» **EXERCISE AIM**: Could you please output only the lines from the one holding "Hotel Iris Венеция Экстерьер фото" through the end of the listing below, exactly as written and without pictures?

» **COLLECTED MATERIAL**:
□ □ □ □ □ □ □

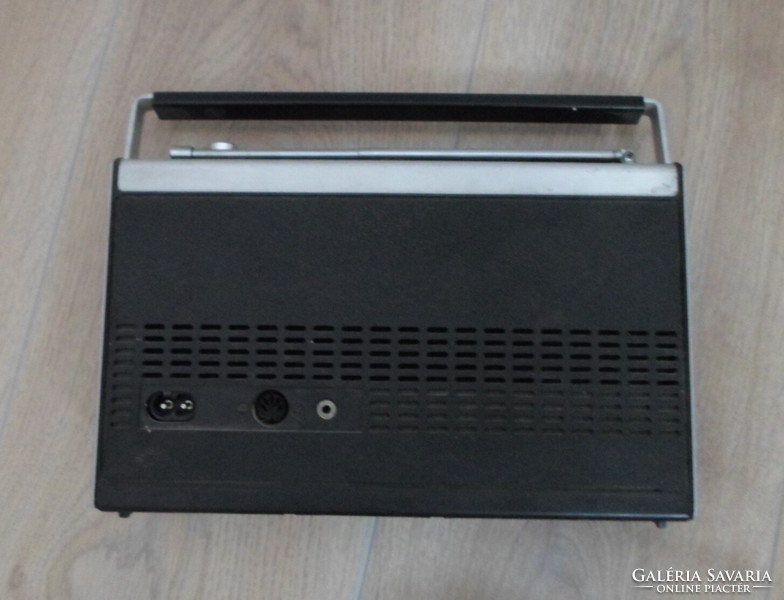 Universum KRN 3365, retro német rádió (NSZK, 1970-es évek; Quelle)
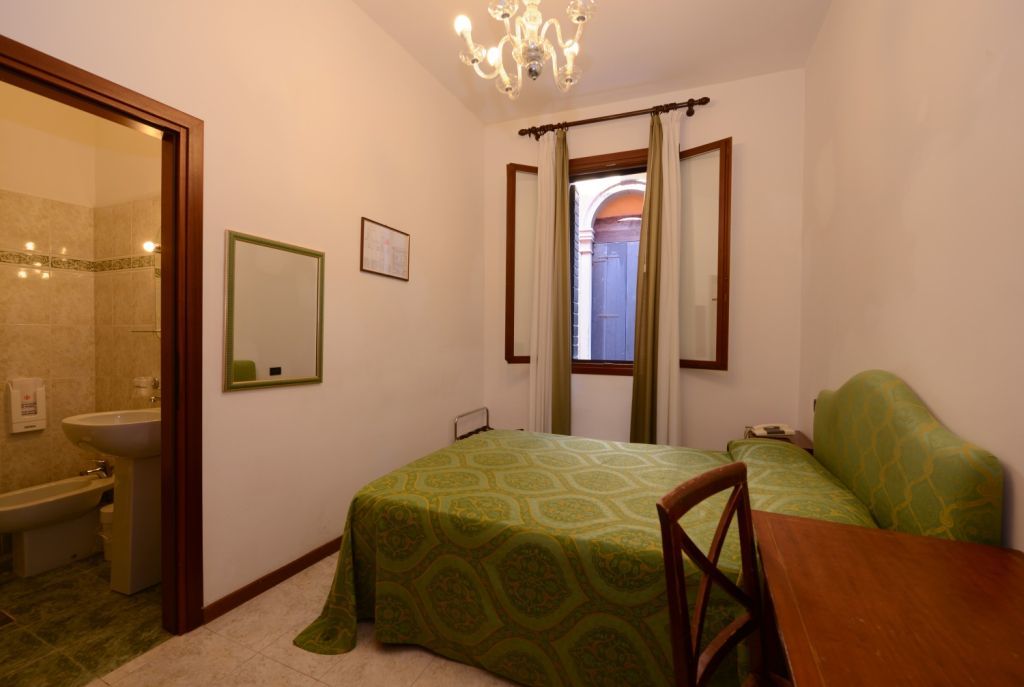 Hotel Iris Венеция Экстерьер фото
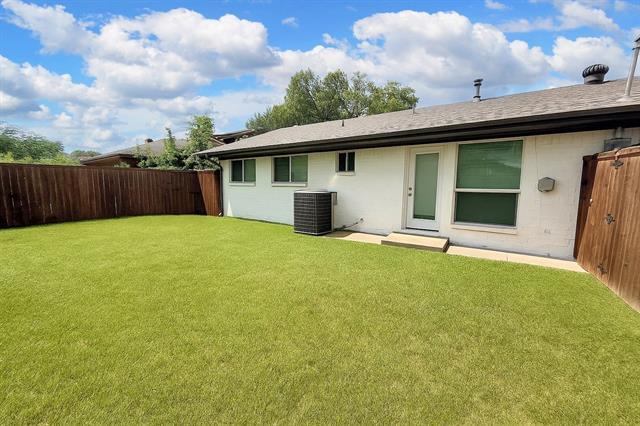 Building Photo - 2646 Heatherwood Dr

□ □ □ □ □ □ □

» **EXPECTED ANSWER**:
 Hotel Iris Венеция Экстерьер фото
 Building Photo - 2646 Heatherwood Dr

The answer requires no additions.